Several problems need to be addressed before big data becomes just another standard IT tool. It has been estimated that more than 80 percent of the data is unstructured. Such data needs to be appropriately mapped before it can be used effectively. Add the fact that most applications and architectures—with a few well-known exceptions (HaDoop)—are not designed to capture, validate, or analyze all that diverse data.
Another issue is that despite the massive scale of the Internet, more than 96 percent of the interesting data is still locked inside corporate data vaults. IDC estimates that only 0.5 percent of all available data is being processed today.

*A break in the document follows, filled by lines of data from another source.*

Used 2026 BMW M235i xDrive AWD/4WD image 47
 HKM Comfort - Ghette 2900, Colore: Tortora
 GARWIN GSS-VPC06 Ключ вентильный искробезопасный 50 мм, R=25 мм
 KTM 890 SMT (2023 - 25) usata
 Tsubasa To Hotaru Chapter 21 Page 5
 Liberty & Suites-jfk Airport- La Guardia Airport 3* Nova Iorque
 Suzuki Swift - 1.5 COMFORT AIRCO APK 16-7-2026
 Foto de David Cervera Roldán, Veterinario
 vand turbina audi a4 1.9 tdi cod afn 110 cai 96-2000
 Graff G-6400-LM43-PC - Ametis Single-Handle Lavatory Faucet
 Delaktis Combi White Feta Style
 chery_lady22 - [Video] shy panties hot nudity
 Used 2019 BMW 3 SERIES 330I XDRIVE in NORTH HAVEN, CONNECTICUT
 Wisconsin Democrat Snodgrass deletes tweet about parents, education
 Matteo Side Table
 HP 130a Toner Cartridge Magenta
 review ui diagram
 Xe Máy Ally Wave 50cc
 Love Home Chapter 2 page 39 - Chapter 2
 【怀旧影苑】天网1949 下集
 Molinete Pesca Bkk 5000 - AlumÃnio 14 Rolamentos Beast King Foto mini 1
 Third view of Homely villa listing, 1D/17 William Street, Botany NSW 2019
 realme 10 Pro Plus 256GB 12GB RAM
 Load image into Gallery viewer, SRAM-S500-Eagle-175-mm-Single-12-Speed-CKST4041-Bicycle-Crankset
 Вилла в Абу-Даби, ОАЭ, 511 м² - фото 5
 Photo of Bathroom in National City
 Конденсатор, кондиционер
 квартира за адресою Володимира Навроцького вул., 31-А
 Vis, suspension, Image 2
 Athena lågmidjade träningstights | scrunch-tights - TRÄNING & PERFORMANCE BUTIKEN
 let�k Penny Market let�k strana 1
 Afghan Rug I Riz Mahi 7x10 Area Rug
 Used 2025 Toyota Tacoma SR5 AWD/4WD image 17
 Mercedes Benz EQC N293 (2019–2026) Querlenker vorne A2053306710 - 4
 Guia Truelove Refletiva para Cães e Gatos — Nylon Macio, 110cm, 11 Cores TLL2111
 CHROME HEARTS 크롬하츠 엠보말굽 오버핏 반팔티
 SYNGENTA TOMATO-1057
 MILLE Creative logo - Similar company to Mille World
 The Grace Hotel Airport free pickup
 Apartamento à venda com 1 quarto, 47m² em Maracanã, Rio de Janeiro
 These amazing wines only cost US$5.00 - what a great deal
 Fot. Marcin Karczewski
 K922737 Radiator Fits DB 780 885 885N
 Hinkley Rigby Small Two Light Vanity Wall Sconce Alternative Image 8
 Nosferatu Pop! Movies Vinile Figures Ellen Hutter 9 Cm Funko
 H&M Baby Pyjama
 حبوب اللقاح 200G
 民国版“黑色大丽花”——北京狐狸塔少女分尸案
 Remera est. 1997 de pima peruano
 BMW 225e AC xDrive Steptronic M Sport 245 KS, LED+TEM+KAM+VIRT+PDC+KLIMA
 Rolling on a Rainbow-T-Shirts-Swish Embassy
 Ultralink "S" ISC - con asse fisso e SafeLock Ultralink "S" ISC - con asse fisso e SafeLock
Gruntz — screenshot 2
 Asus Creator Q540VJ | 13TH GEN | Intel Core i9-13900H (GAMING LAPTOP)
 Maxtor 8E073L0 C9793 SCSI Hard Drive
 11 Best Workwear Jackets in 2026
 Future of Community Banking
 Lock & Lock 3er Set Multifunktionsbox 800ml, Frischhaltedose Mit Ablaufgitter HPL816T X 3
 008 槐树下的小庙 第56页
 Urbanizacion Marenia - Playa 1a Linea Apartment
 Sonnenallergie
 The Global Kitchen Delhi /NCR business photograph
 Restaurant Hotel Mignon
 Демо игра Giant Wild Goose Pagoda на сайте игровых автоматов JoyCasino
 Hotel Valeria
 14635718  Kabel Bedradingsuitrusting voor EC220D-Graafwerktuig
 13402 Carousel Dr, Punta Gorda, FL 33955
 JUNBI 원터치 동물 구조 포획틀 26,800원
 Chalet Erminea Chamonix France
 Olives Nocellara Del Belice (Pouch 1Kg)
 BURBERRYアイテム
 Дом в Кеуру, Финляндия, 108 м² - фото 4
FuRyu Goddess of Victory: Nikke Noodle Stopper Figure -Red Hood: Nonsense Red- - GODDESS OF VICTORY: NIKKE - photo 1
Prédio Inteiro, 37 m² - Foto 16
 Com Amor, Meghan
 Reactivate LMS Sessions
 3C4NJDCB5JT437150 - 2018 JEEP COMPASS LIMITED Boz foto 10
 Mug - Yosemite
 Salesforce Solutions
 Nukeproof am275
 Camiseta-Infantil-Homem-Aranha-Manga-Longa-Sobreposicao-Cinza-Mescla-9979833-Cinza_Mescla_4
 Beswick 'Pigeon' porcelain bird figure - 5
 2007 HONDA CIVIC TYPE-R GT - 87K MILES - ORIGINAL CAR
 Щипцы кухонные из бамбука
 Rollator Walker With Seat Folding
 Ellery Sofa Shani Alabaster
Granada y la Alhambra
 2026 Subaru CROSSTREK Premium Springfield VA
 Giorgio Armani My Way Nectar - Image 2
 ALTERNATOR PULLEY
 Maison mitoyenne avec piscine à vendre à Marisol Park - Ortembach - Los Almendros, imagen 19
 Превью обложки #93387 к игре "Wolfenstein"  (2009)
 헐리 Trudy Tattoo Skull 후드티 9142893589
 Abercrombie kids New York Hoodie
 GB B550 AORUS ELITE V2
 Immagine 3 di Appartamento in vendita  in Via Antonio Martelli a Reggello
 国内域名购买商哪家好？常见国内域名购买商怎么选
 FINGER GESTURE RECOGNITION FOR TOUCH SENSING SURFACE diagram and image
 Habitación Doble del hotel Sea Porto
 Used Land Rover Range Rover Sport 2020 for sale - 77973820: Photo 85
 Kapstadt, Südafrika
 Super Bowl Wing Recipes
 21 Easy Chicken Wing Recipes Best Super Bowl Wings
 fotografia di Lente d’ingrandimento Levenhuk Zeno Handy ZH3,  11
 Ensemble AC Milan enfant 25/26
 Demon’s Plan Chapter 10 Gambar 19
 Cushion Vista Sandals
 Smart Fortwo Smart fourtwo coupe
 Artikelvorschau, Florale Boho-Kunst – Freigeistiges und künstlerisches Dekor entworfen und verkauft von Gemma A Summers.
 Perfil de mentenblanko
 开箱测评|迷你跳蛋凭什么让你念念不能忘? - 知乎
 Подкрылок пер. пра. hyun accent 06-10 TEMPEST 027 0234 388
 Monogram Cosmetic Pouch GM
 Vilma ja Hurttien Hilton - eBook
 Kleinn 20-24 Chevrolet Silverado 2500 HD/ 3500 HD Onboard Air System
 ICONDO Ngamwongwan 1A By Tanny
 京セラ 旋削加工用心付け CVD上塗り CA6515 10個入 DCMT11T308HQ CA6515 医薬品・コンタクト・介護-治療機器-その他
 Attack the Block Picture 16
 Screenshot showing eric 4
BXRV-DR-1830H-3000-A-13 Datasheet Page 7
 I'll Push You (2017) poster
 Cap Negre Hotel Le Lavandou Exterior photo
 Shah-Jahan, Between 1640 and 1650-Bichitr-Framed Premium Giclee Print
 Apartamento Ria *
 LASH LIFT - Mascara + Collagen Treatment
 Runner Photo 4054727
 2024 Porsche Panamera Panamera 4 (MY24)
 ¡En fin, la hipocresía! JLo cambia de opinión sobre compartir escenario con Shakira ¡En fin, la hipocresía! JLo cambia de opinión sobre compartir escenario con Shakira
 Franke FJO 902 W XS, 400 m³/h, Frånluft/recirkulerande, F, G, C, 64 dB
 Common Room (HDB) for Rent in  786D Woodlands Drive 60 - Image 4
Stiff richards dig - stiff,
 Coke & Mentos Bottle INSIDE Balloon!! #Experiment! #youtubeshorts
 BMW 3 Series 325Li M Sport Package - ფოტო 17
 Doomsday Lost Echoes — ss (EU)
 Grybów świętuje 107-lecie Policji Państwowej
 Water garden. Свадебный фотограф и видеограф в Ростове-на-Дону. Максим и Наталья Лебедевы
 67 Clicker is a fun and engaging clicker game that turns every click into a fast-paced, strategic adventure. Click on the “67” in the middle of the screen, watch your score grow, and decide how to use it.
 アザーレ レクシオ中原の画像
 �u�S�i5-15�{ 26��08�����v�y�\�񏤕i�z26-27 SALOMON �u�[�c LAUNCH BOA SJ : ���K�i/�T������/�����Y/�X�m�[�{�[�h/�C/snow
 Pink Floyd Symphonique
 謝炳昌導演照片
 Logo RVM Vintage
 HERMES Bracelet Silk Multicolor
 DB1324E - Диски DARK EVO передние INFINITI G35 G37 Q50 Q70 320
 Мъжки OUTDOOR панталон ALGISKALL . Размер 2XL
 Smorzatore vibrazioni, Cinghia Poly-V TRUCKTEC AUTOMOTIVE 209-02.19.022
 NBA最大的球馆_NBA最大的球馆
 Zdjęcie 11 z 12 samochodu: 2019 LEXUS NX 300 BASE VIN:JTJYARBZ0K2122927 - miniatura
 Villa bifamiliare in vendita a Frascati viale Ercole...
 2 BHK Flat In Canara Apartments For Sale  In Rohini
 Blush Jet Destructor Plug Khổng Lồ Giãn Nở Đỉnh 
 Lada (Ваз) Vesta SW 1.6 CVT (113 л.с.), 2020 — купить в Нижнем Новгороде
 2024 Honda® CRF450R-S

It rapidly becomes clear that just writing big checks to large IT vendors with expensive solutions to this systemic problem is not the correct answer. Like the complex multimillion dollar ERP system implementations twenty years ago, it takes time for best practices and supporting tools to shake out.
The trick is qualifying the validity of the data and building analytics applications that can capture the nuggets of actionable knowledge buried among all those Beiber and Lady Gaga tweets. Really, what buried marketing treasure is uncovered with the knowledge that Justin Bieber (#justinbieber) has 39 million Twitter followers? Quick, cash in on Bieber-branded anything before he becomes yet another footnote in pop music history.